Poster Session 3 · Thursday, December 4, 2025 11:00 AM → 2:00 PM
#1708
Scalable and Cost-Efficient de Novo Template-Based Molecular Generation
Piotr Gaiński, Oussama Boussif, Andrei Rekesh, Dmytro Shevchuk, Ali Parviz, Mike Tyers, Robert A. Batey, Michał Koziarski
Abstract
Template-based molecular generation offers a promising avenue for drug design by ensuring generated compounds are synthetically accessible through predefined reaction templates and building blocks.
In this work, we tackle three core challenges in template-based GFlowNets:
- minimizing synthesis cost
- scaling to large building block libraries
- effectively utilizing small fragment sets.
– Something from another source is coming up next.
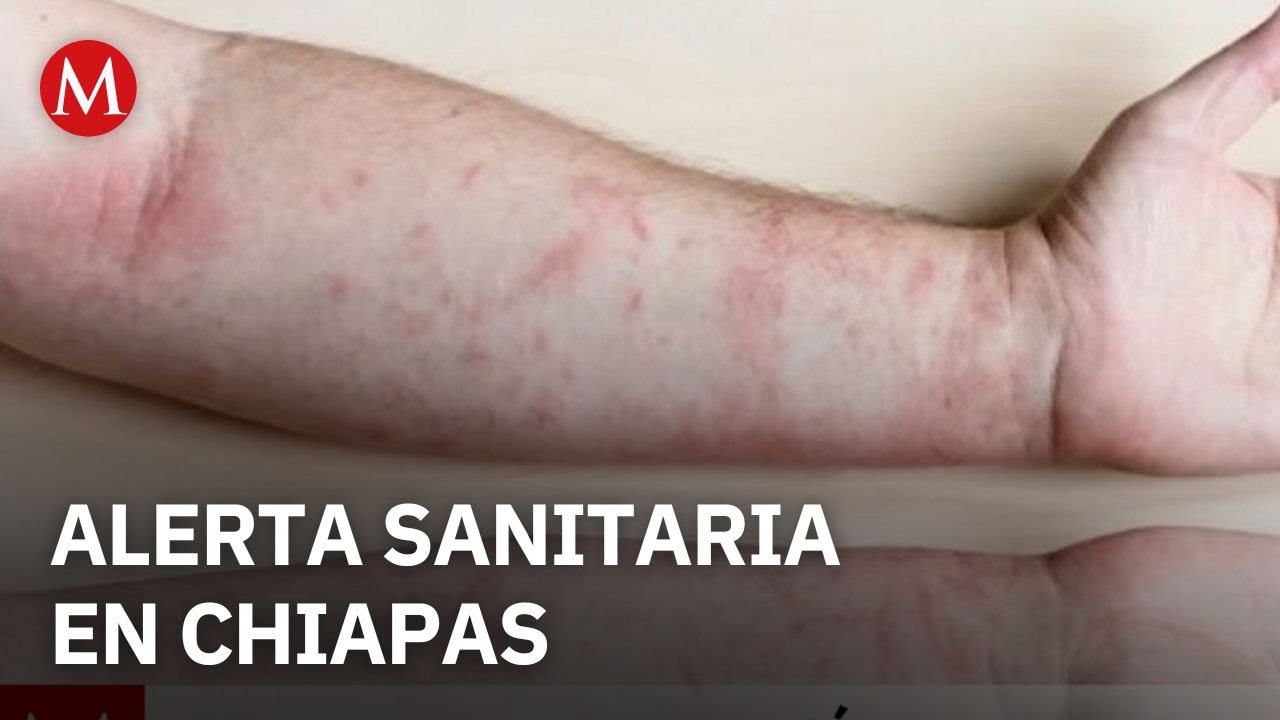 Chiapas emite alerta sanitaria por aumento de casos de sarampi&oacute;n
We propose Recursive Cost Guidance, a backward policy framework that employs auxiliary machine learning models to approximate synthesis cost and viability. This guidance steers generation toward low-cost synthesis pathways, significantly enhancing cost-efficiency, molecular diversity, and quality, especially when paired with an Exploitation Penalty that balances the trade-off between exploration and exploitation.
To enhance performance in smaller building block libraries, we develop a Dynamic Library mechanism that reuses intermediate high-reward states to construct full synthesis trees. Our approach establishes state-of-the-art results in template-based molecular generation.